DESCRIPTION OF THE TASK: Print the data below again in full, exactly as it stands, with no images.

DATASET RECORDS:

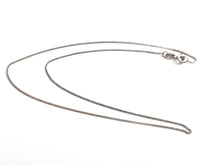 Load image into Gallery viewer, Oxidized Sterling Silver Curb Chain
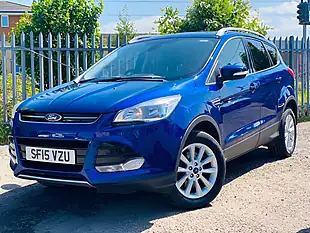 Used 2015 Ford Kuga Titanium Blue - Interior and Exterior details 3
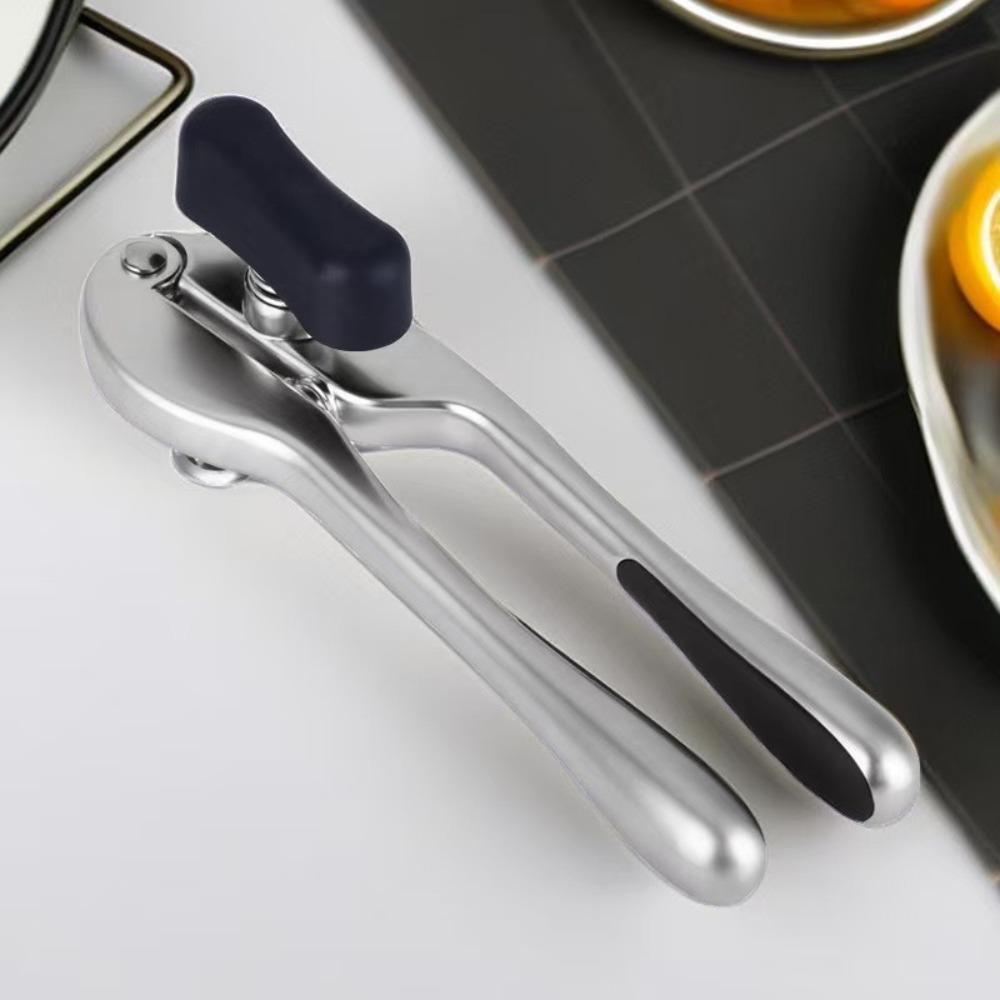 Non-slip Handle Manual Can Opener Comfortable Grip Bottle Opener Canned Luncheon Meat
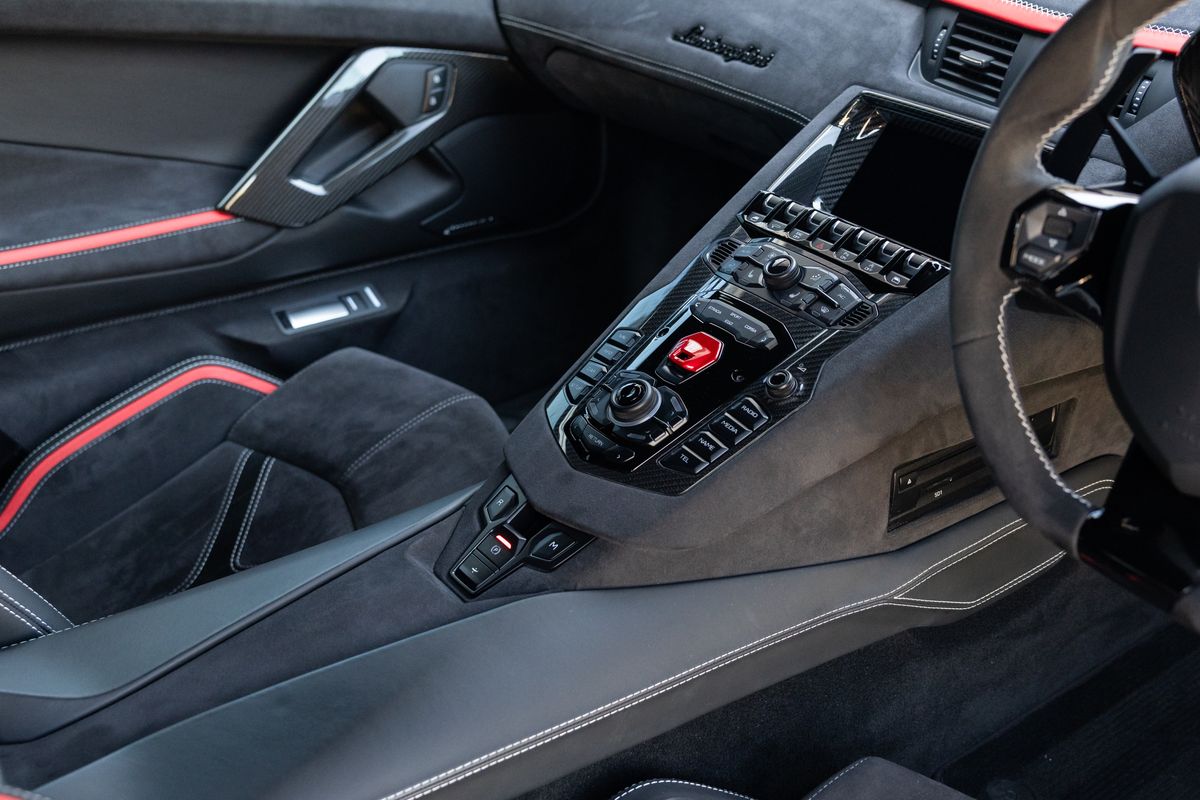 2022 Lamborghini Aventador Ultimae LP780-4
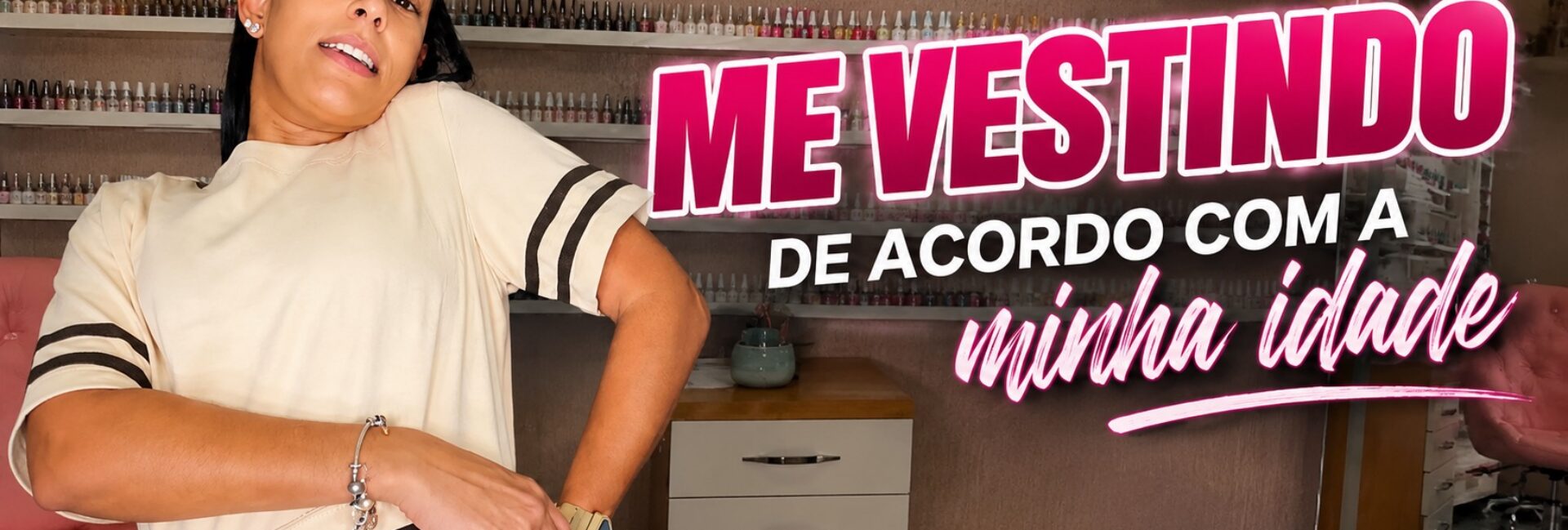 Me vestindo de acordo com a minha idade: o conjunto de alfaiataria Helen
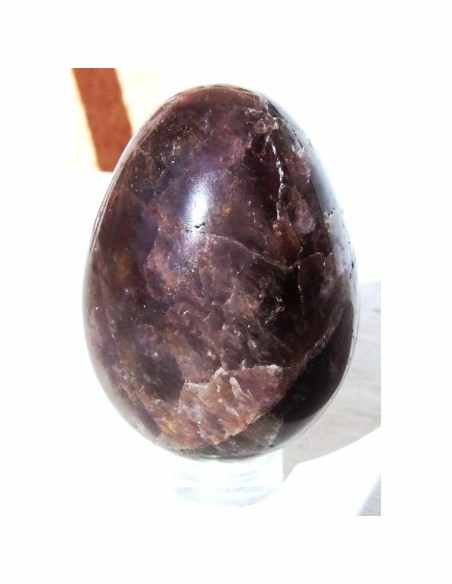 Cacoxenite oeuf 40mm Cacoxenite oeuf 40mm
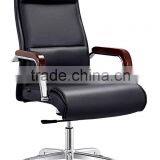 Massage Leather Executive Office Chair Manufacturer With Folding Back thumbnail-1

RESULT OF THE EXERCISE:
 Load image into Gallery viewer, Oxidized Sterling Silver Curb Chain
 Used 2015 Ford Kuga Titanium Blue - Interior and Exterior details 3
 Non-slip Handle Manual Can Opener Comfortable Grip Bottle Opener Canned Luncheon Meat
 2022 Lamborghini Aventador Ultimae LP780-4
 Me vestindo de acordo com a minha idade: o conjunto de alfaiataria Helen
 Cacoxenite oeuf 40mm Cacoxenite oeuf 40mm
 Massage Leather Executive Office Chair Manufacturer With Folding Back thumbnail-1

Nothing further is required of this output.